§ **AIM OF THE EXERCISE**: Reproduce exactly the lines of this material that begin at the line with "DC Comics, Black" and end at the line with "Zackaryn Warm Brown", both included. Omit the pictures and everything else.

§ **MATERIALS PROVIDED**:
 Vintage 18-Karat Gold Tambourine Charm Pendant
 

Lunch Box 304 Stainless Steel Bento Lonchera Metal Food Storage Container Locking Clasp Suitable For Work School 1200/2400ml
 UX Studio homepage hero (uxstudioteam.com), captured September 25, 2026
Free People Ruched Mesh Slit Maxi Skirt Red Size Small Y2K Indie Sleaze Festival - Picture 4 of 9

* * *

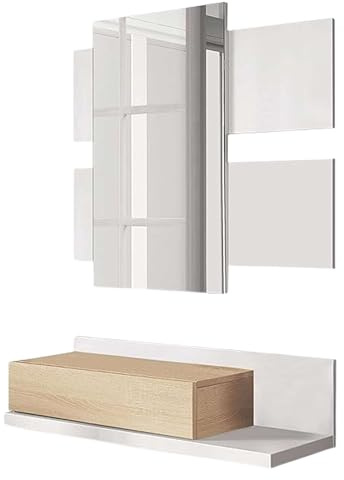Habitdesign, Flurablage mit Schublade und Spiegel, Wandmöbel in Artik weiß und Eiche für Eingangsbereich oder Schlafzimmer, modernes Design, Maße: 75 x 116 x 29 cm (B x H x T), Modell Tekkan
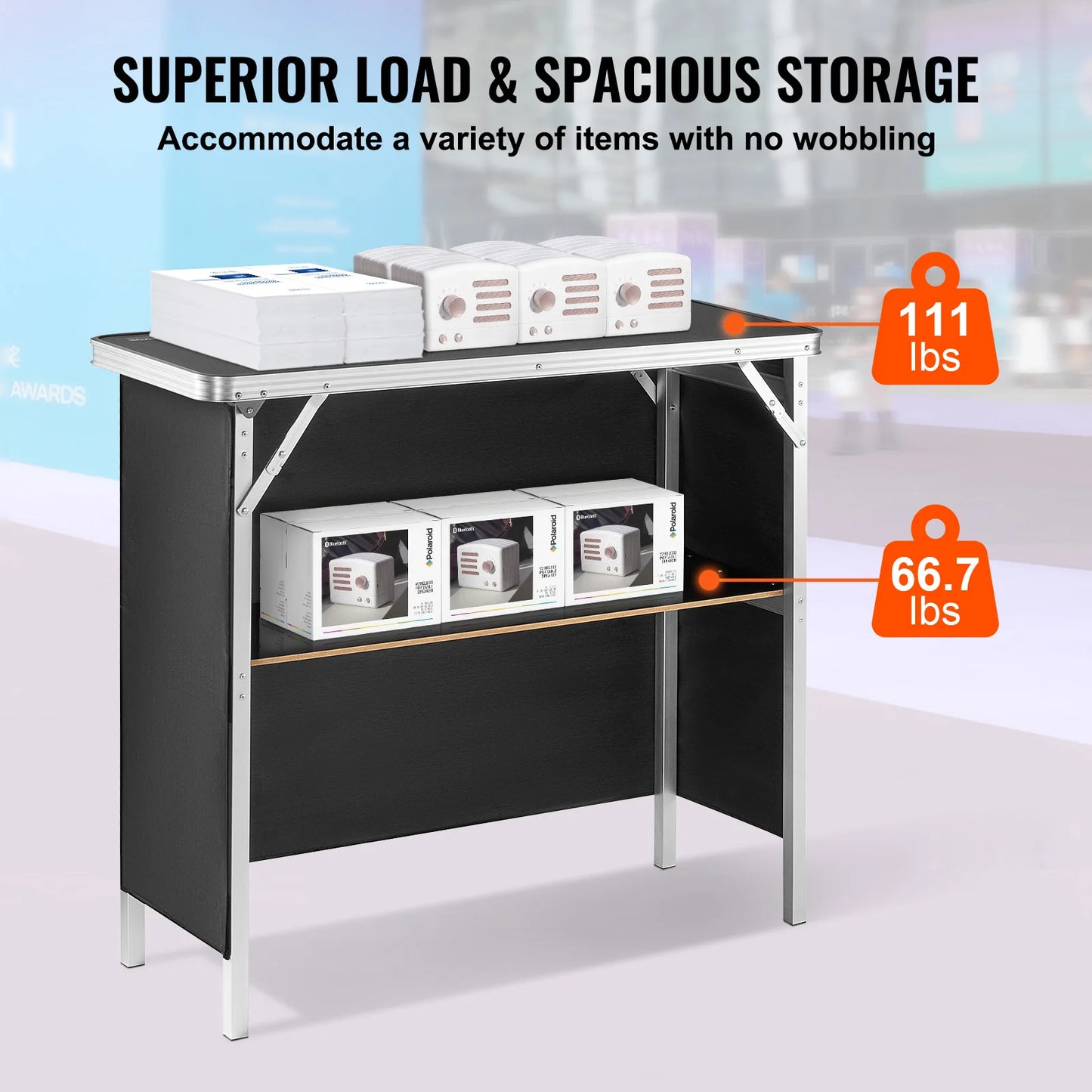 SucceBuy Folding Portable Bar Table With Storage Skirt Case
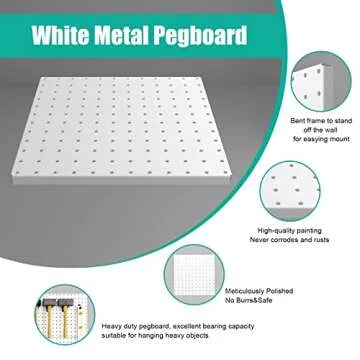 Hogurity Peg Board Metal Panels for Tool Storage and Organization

==

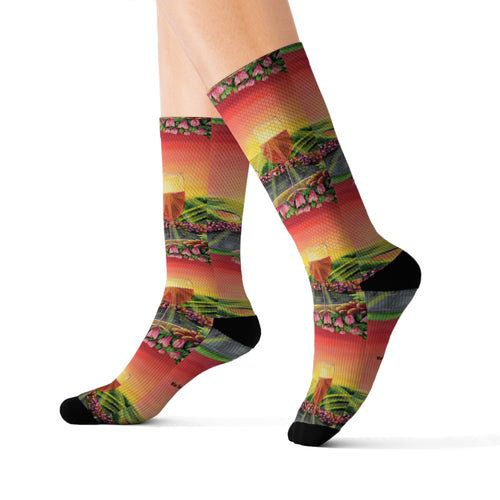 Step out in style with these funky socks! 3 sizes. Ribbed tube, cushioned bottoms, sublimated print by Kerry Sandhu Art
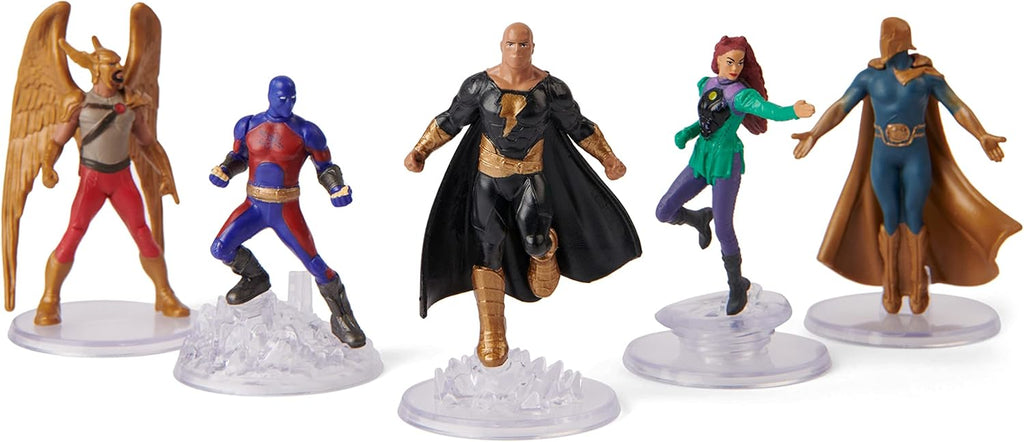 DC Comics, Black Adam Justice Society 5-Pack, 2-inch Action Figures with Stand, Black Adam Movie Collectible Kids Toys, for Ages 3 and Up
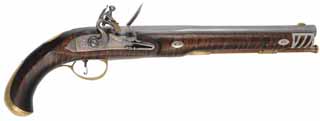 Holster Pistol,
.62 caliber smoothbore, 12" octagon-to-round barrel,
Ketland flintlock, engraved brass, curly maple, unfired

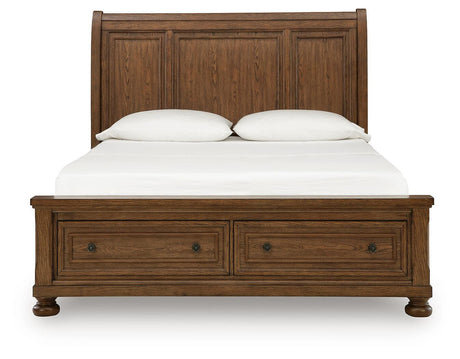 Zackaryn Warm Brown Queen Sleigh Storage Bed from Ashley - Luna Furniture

§ **EXERCISE RESPONSE**:
 DC Comics, Black Adam Justice Society 5-Pack, 2-inch Action Figures with Stand, Black Adam Movie Collectible Kids Toys, for Ages 3 and Up
 Holster Pistol,
.62 caliber smoothbore, 12" octagon-to-round barrel,
Ketland flintlock, engraved brass, curly maple, unfired

 Zackaryn Warm Brown Queen Sleigh Storage Bed from Ashley - Luna Furniture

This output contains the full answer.